» **Aim of the task**:
Write the listing out again word for word, leaving each picture behind.

» **Dataset**:

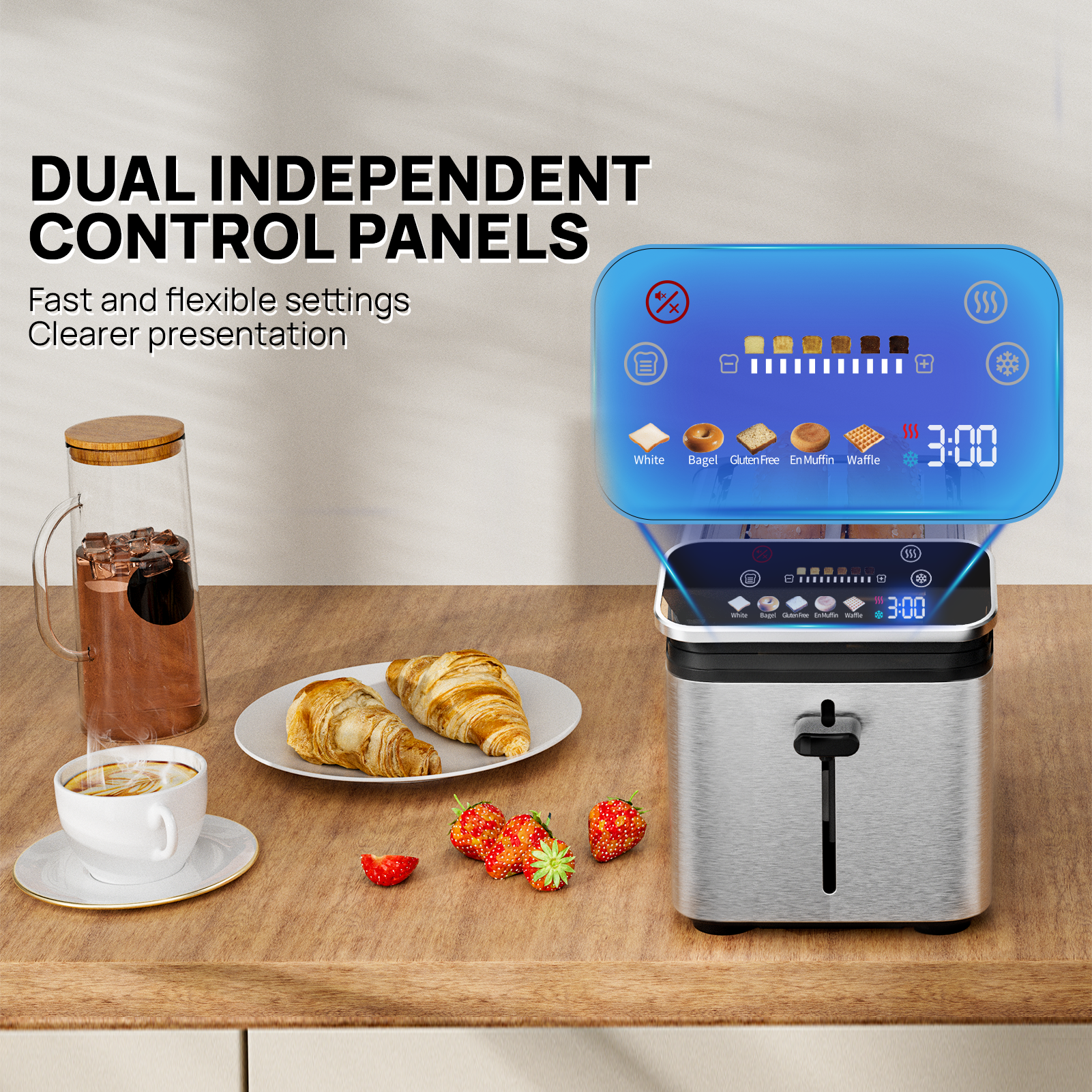 Whall® Stainless Steel Smart Toaster, 2 Slice | Projection Touchscreen, 1.5" Extra-Wide Slots, Digital Timer, Reheat & Defrost, Warming Rack, Removable Crumb Tray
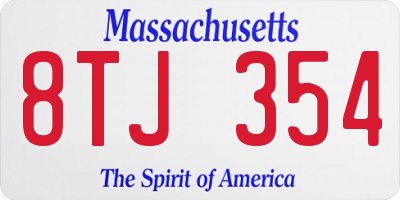 MA license plate 8TJ354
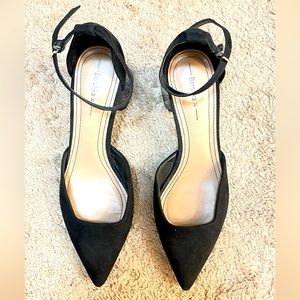 Pointed suede block heels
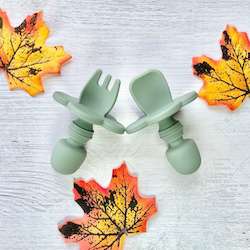 Baby wear: Silicone Cutlery - Green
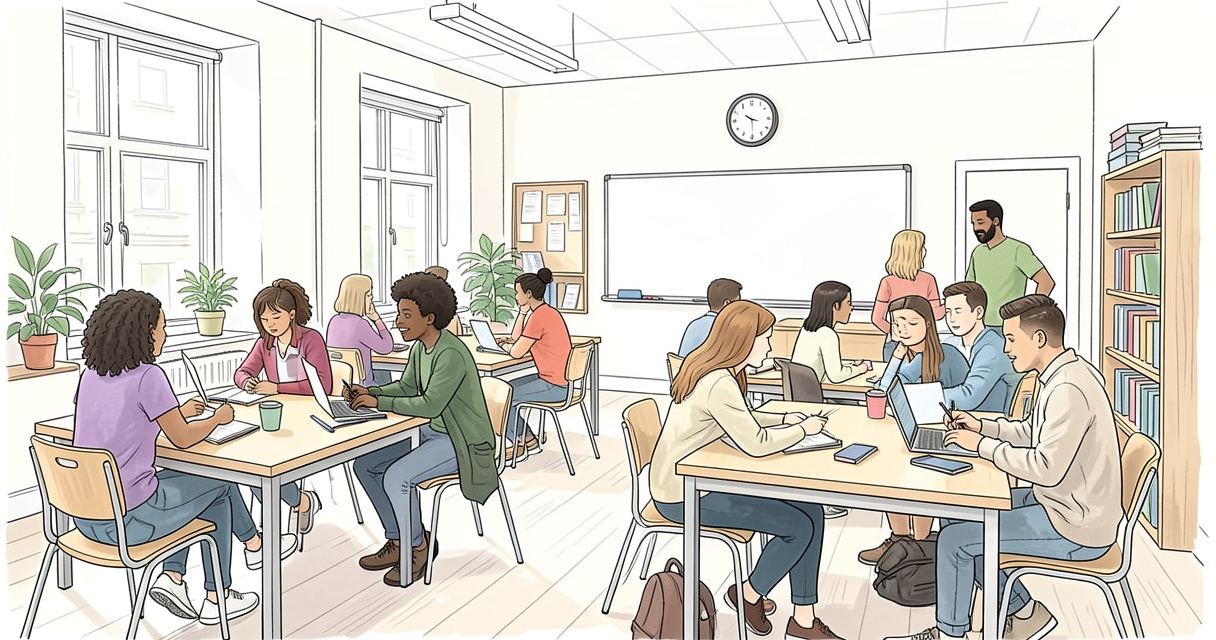 Salle de classe moderne pour apprendre l'anglais à Dublin avec des étudiants internationaux en interaction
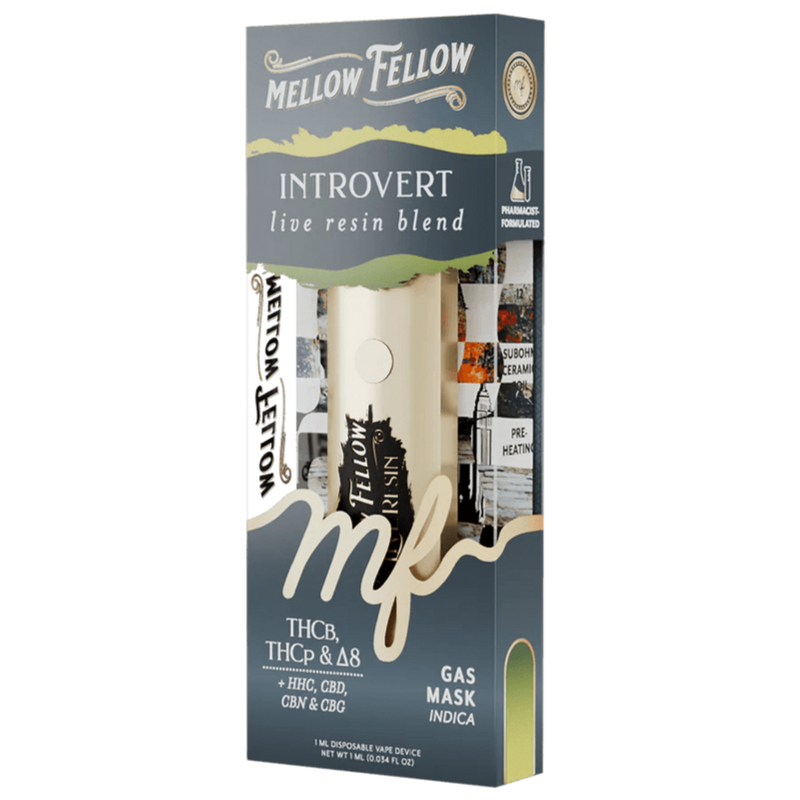 Mellow Fellow Introvert Blend - Live Resin 1ml Disposable Vape - Gas Mask (Indica)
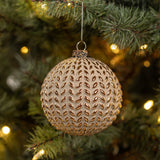 4" TAUPE & GOLD BRAIDED BALL ORNAMENT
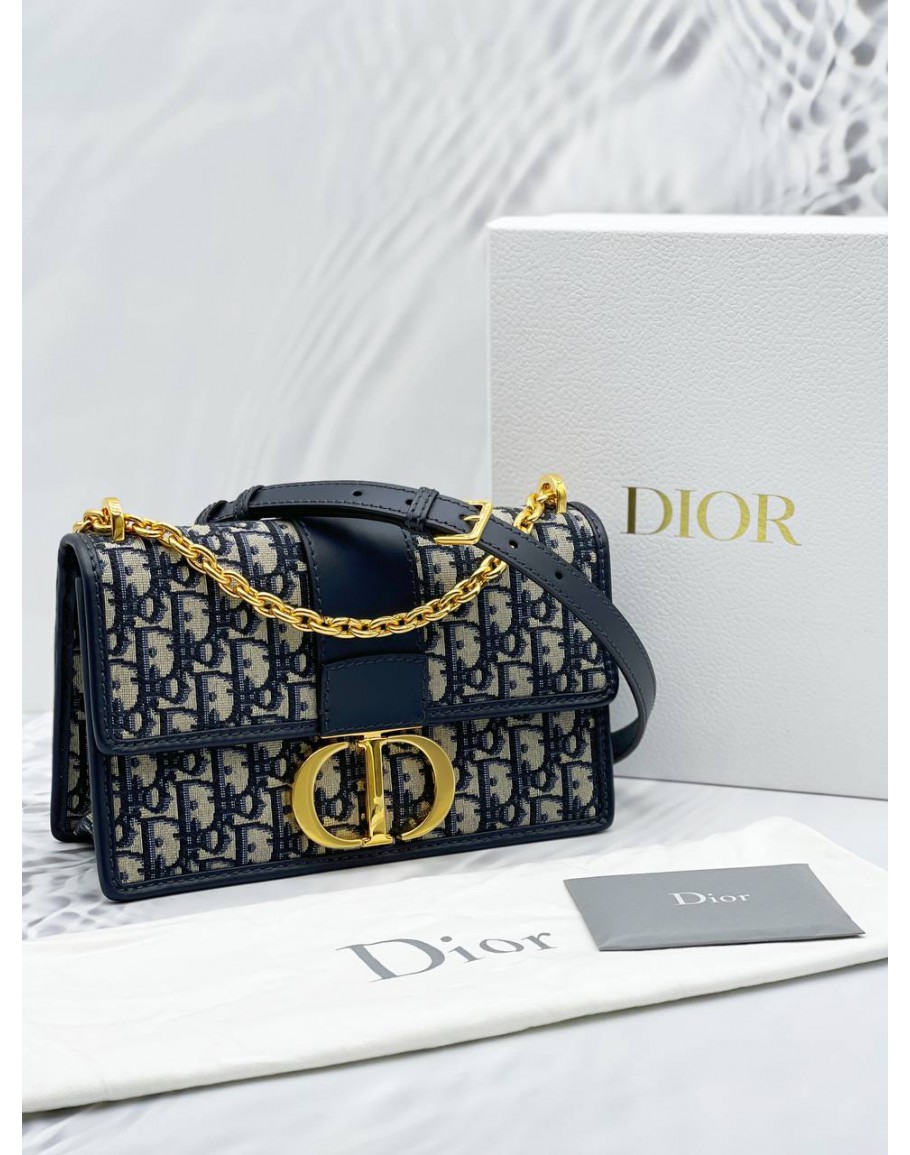 C.DIOR 30 MONTAIGNE CHAIN BAG Blue Dior Oblique Jacquard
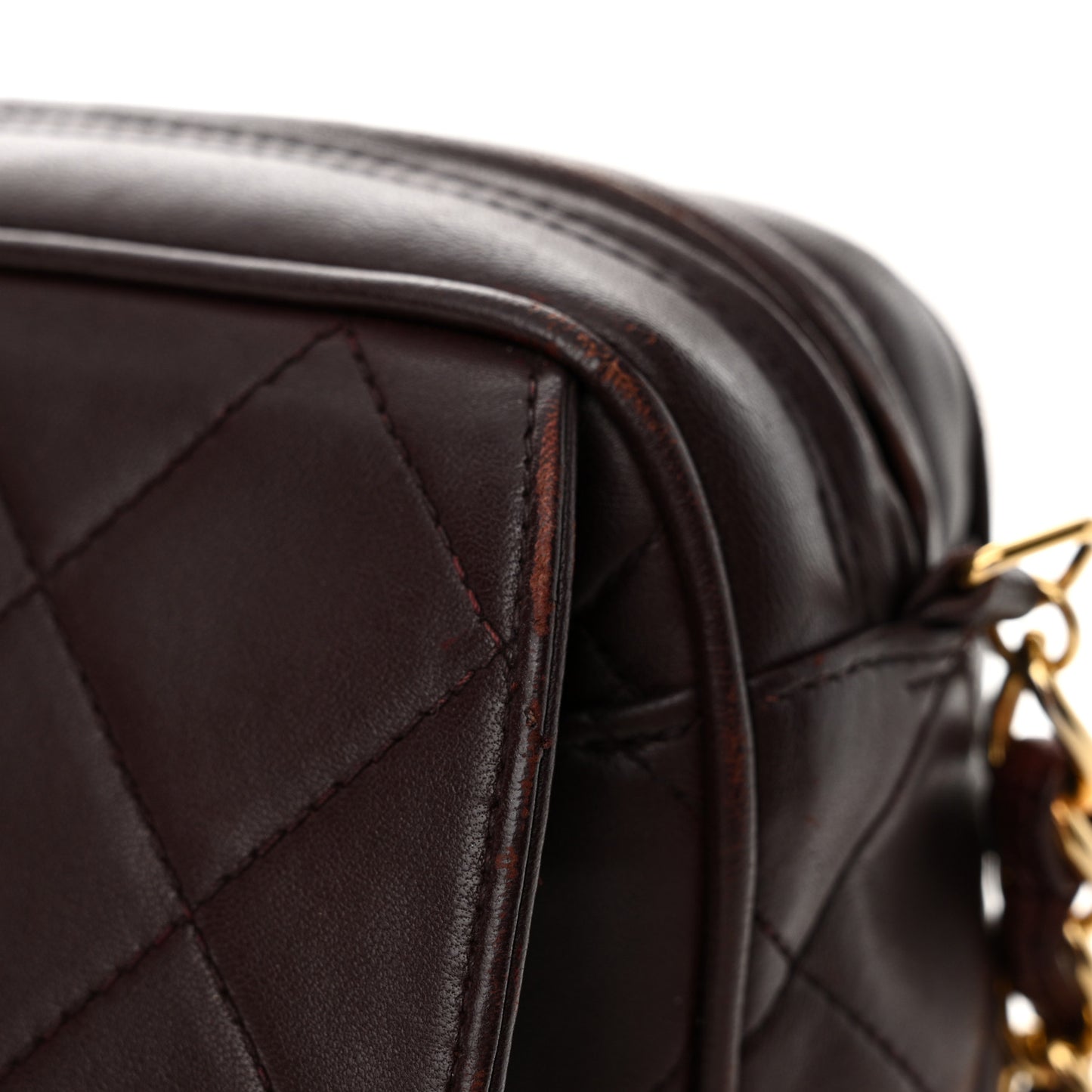 Lambskin Quilted Tassel CC Camera Case Burgundy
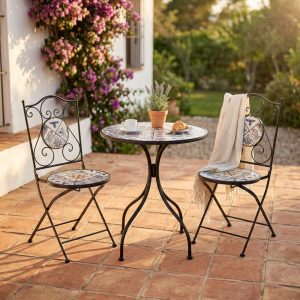 SET 2 SEDIE E TAVOLO ROTONDO Ø 60 PERSEFONE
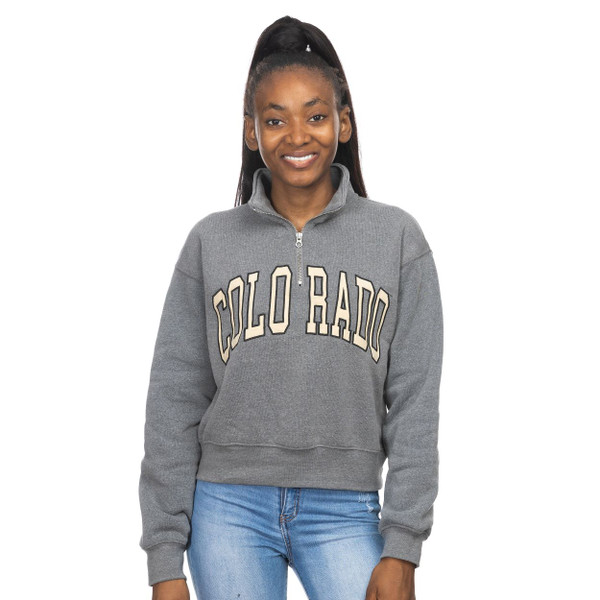 A gray quarter zip collared sweatshirt with Colorado written in arched Vegas Gold lettering.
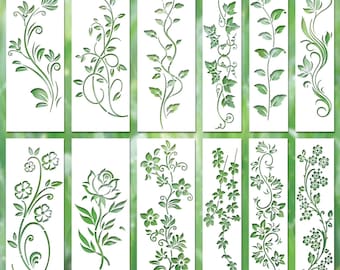 Conjunto de 12 estênceis reutilizáveis com desenhos de folhas, trepadeiras e flores para decoração de parede DIY.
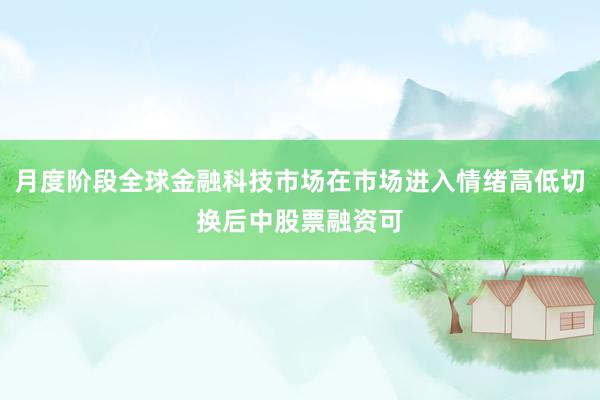 月度阶段全球金融科技市场在市场进入情绪高低切换后中股票融资可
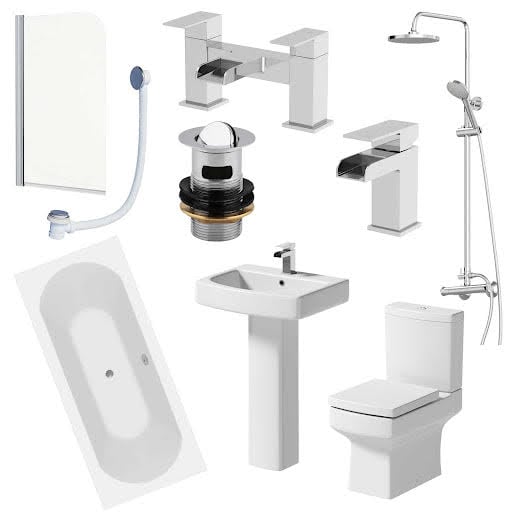 Royan Complete Bathroom Suite Bundle with Double Ended Curved Bath - 1700mm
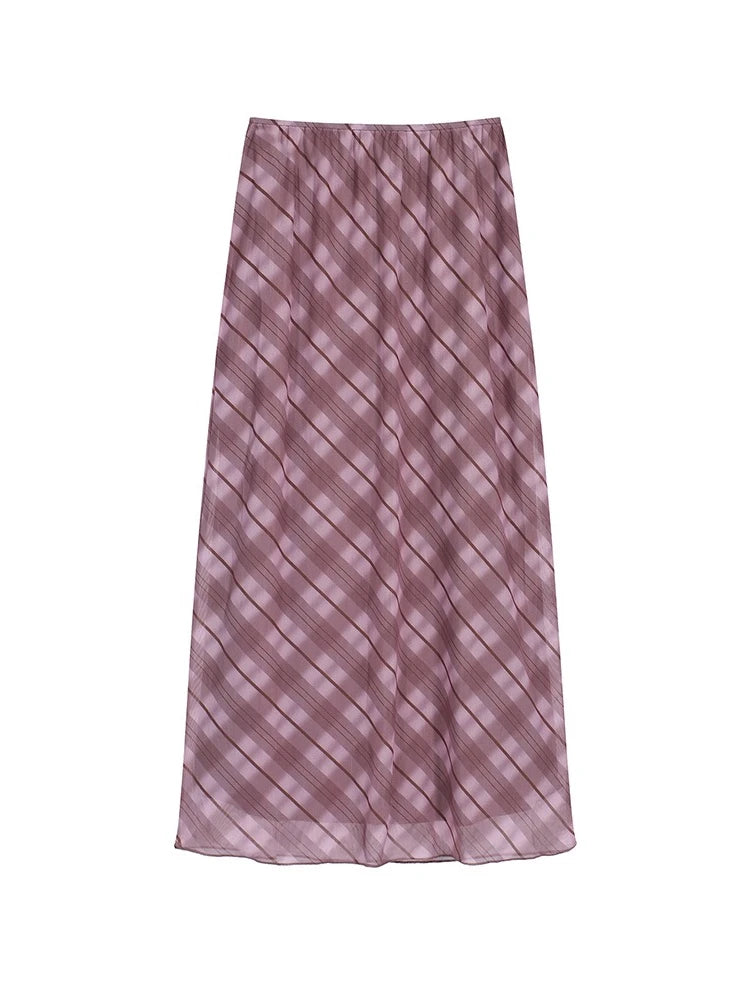 European American Style Vintage Plaid Mesh High Waist Women Bodycon Skirt 2026 Spring Autumn New Fashion Versatile Skirts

» **Task answer**:
 Whall® Stainless Steel Smart Toaster, 2 Slice | Projection Touchscreen, 1.5" Extra-Wide Slots, Digital Timer, Reheat & Defrost, Warming Rack, Removable Crumb Tray
 MA license plate 8TJ354
 Pointed suede block heels
 Baby wear: Silicone Cutlery - Green
 Salle de classe moderne pour apprendre l'anglais à Dublin avec des étudiants internationaux en interaction
 Mellow Fellow Introvert Blend - Live Resin 1ml Disposable Vape - Gas Mask (Indica)
 4" TAUPE & GOLD BRAIDED BALL ORNAMENT
 C.DIOR 30 MONTAIGNE CHAIN BAG Blue Dior Oblique Jacquard
 Lambskin Quilted Tassel CC Camera Case Burgundy
 SET 2 SEDIE E TAVOLO ROTONDO Ø 60 PERSEFONE
 A gray quarter zip collared sweatshirt with Colorado written in arched Vegas Gold lettering.
 Conjunto de 12 estênceis reutilizáveis com desenhos de folhas, trepadeiras e flores para decoração de parede DIY.
 月度阶段全球金融科技市场在市场进入情绪高低切换后中股票融资可
 Royan Complete Bathroom Suite Bundle with Double Ended Curved Bath - 1700mm
 European American Style Vintage Plaid Mesh High Waist Women Bodycon Skirt 2026 Spring Autumn New Fashion Versatile Skirts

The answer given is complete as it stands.